Nicole went to the antiseptic waiting room and hoped for the best. A nurse approached and asked whether her fiancé had any distinctive markings. She recited his many tattoos: a skull, a panther, Haley's name and birth date with two hands clasped together in prayer . . .

The nurse cut her off. "He passed."

Months went by before Nicole learned the details of why the police shot Stanley that night, but when she did, the events hardened into a statement so cold and immutable that it could serve as his epitaph: "He was shot like an animal."


The cop who killed Strnad was Daniel Jopek Jr. As is routine when police use deadly force, the city investigated. But this was no ordinary case. After a lengthy inquiry, the prosecutor arrived at a conclusion as historic as it was controversial: The shooting was unjustified. Jopek was accused of reckless homicide.

It was the first time in at least 15 years that homicide charges were filed as a result of an on-duty action, and it came at a time when police shootings were already under a microscope.

Cleveland had seen a spike in police shootings, with 10 people dying in two years. This came after the Justice Department criticized the city for its handling of deadly force incidents, saying that some "may have been avoidable." To fend off a federal lawsuit, the police department agreed to change its policies.
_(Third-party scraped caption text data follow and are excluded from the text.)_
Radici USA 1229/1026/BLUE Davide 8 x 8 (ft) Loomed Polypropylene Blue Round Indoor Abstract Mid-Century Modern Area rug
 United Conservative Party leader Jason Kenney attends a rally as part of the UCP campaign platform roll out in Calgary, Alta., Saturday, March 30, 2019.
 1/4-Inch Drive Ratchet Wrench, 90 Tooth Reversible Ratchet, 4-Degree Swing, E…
A settlement was reached in February, the terms of which included federal monitoring for the next year.

The last attempt to prosecute a cop for an on-duty shooting became an exercise in incompetence.
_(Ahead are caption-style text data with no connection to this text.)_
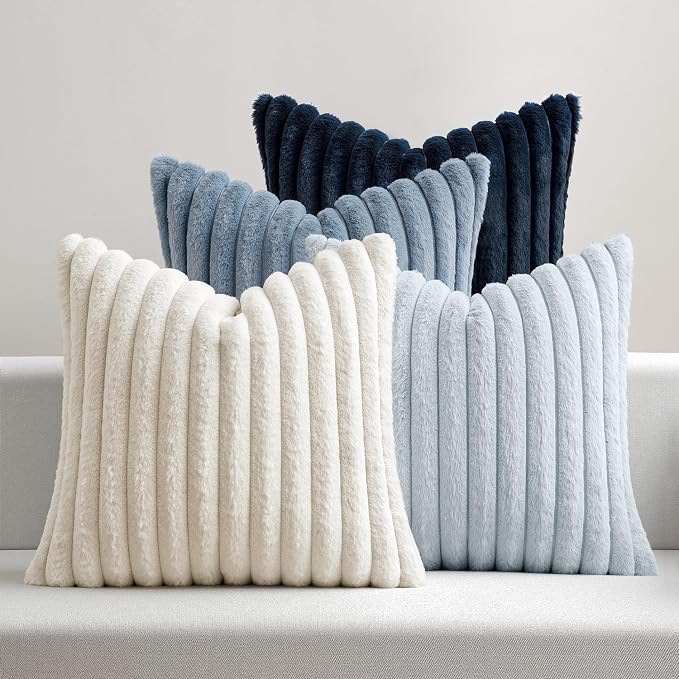 MIULEE Faux Fur Plush Euro Decorative Throw Pillow Covers 24x24, Soft Coastal by MIULEE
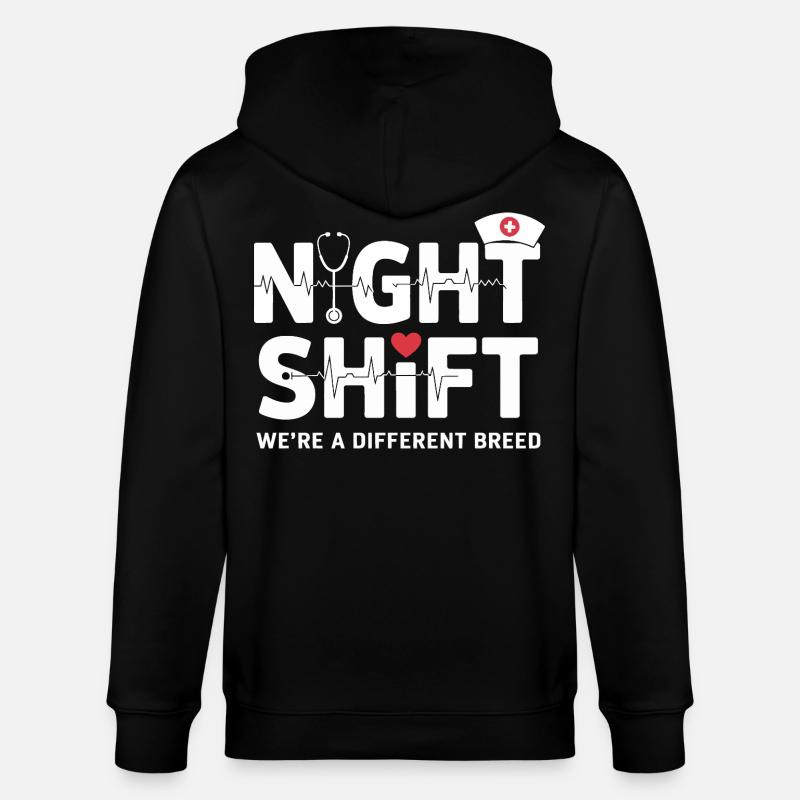 NachtSchicht Herzpfleger – Different Breed - Stanley/Stella Unisex Bio-Kapuzenjacke CULTIVATOR  - Schwarz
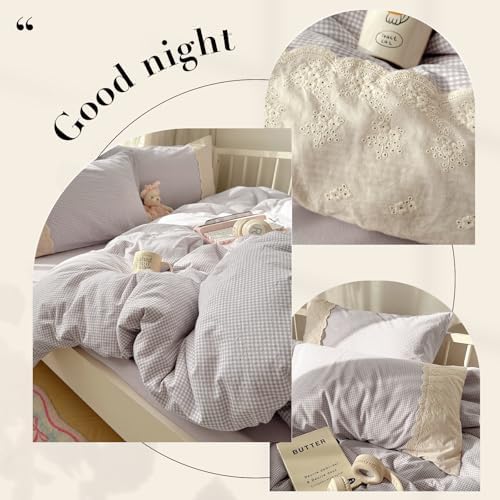 Lace Duvet Cover Set Queen(90"x90"),Lavender Gingham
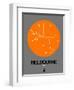 Melbourne Orange Subway Map-NaxArt-Framed Art Print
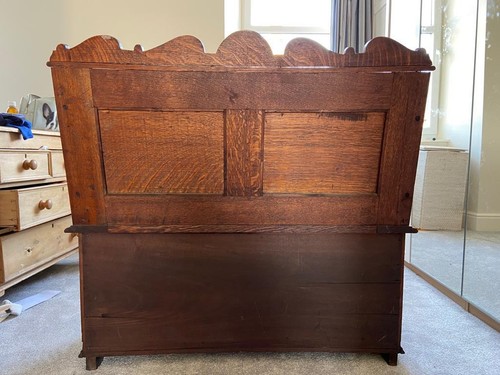 Antique oak monks bench - antique,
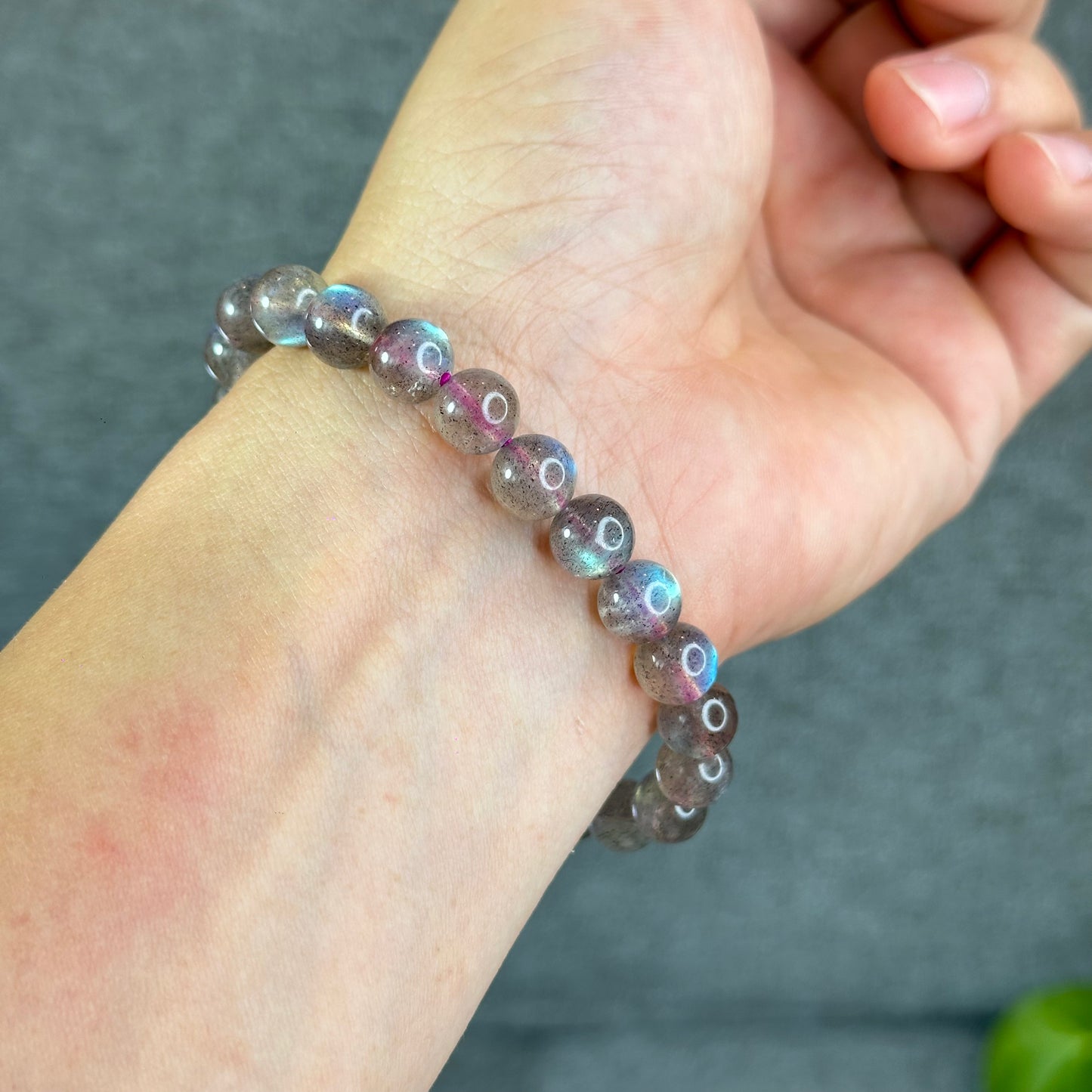 Natural Pink Labradorite Bracelet Size 8.5 mm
On December 6, 2001, Officer Edward Lentz was guarding Mayor-elect Jane Campbell's home when he encountered a 12-year-old boy driving a stolen station wagon. Lentz fired 14 shots at the boy, who was hospitalized with injuries to his arm and ankle.

Lentz claimed the car hit him, sending him rolling over the windshield and onto the roof, where he became trapped in the luggage rack. Prosecutors, however, said the evidence demonstrated that Lentz had never been hit by the car and had invented the story to justify the shooting.
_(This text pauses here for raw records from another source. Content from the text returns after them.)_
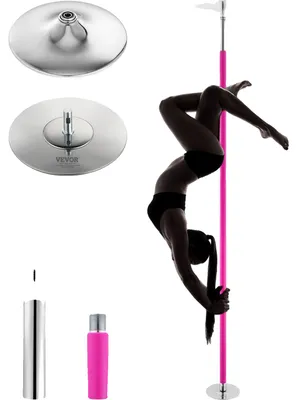 Image de VEVOR Barre de danse professionnelle, Pole Dance Barre de danse portable professionnelle env. 216,3-270 cm Hauteur réglable Barre de fitness amovible Fitness Rose, Barre de danse statique Gymnases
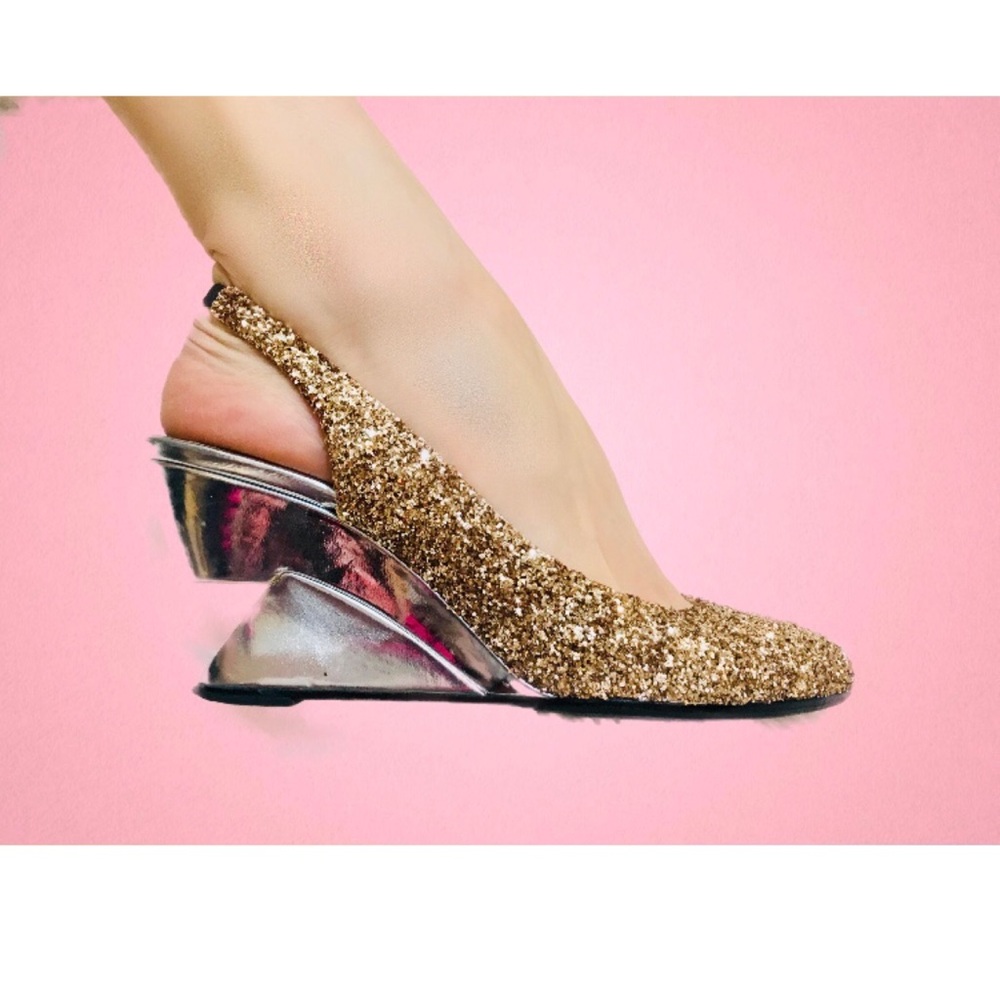 Christian Louboutin 24K Glitter Wedge Pumps!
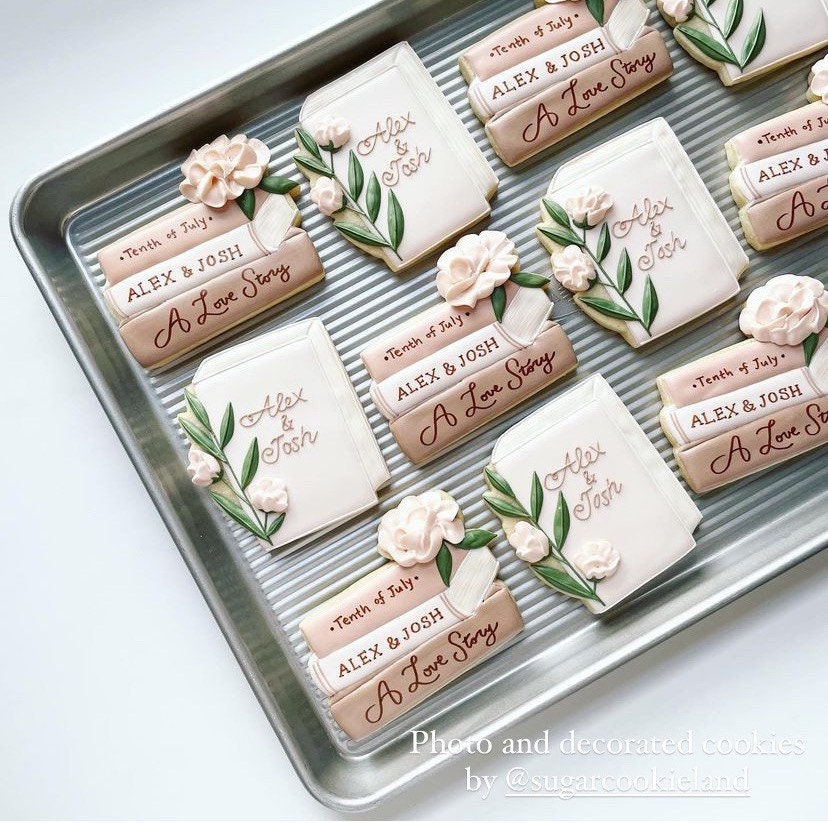 Book with greenery / floral cookie cutter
The case quickly unraveled. Police mistakenly crushed the 1984 Chevrolet the boy was driving, destroying crucial evidence. A grand jury declined to indict Lentz on felony assault charges, so prosecutors had to settle for a misdemeanor count of lying in a police report. Even that charge was ultimately thrown out by the judge, who said prosecutors failed to prove their case. Lentz walked.

Police viewed Lentz's and Jopek's prosecutions as politically motivated. "We believe that the city has been reaching out, looking for cases to charge police officers with as a result of the current politics and the consent judgment they have with the Justice Department," says union lawyer Pat D'Angelo.

Yet an investigation into Jopek's history raises questions about whether he's fit for duty -- and whether the city is adequately policing its cops.


At the time of the Strnad shooting, Jopek was a three-year veteran. With his blue eyes and buzz cut, he could model for recruiting posters. The 33-year-old had already earned a reputation among fellow officers as "an aggressive guy" and a "ball buster." Through his lawyer, Jopek turned down an interview request, but his employment records reveal a man in search of action.

Fresh out of high school, he joined the Marines. He left after six months for family reasons, but his service made a big impression, as evidenced by his three Marine Corps tattoos; he later joined the reserves. Jopek came home to Fairview Park to work for his dad's tree-care business, but kept an eye on more exciting work, studying law enforcement for four years at Tri-C and graduating from the Cleveland Heights Police Academy.

In 1994, Jopek joined Olmsted Township Police. If he was hoping to make the highlight reel on Cops, he couldn't have picked a worse place. Just 20 miles away from downtown Cleveland, Olmsted Township at times seems closer to Amish country. Violent crime is so rare that when something does happen, it's talked about all year. Police duties include checking in on the homes of vacationing residents.

Yet Jopek policed this sleepy burg as if it were the Bronx. A mother complained when a routine traffic stop somehow escalated into the arrest of her son and two other teenage boys when they questioned him about the traffic ticket. "I am very disappointed in this young officer's unprofessional, hot-headed handling of such an unprovoked situation," she wrote. Another kid accused Jopek of lying in wait near his house and repeatedly pulling him over to search his car for contraband that was never there. And an underage girl alleged that Jopek touched her vagina through her clothes during a pat-down for marijuana. None of the accusations was ever substantiated.

Superiors saw in Jopek that same tendency to go overboard. After Jopek brandished his gun to pacify an unarmed suspect, his commanding officer reminded him that his service weapon was to be used only as a last resort. On another occasion, Jopek was booking a woman for drunk driving and threatened to cite her for disorderly conduct if she didn't shut up. A sergeant told him not to, but he did anyway, which earned Jopek a write-up for disobeying an order.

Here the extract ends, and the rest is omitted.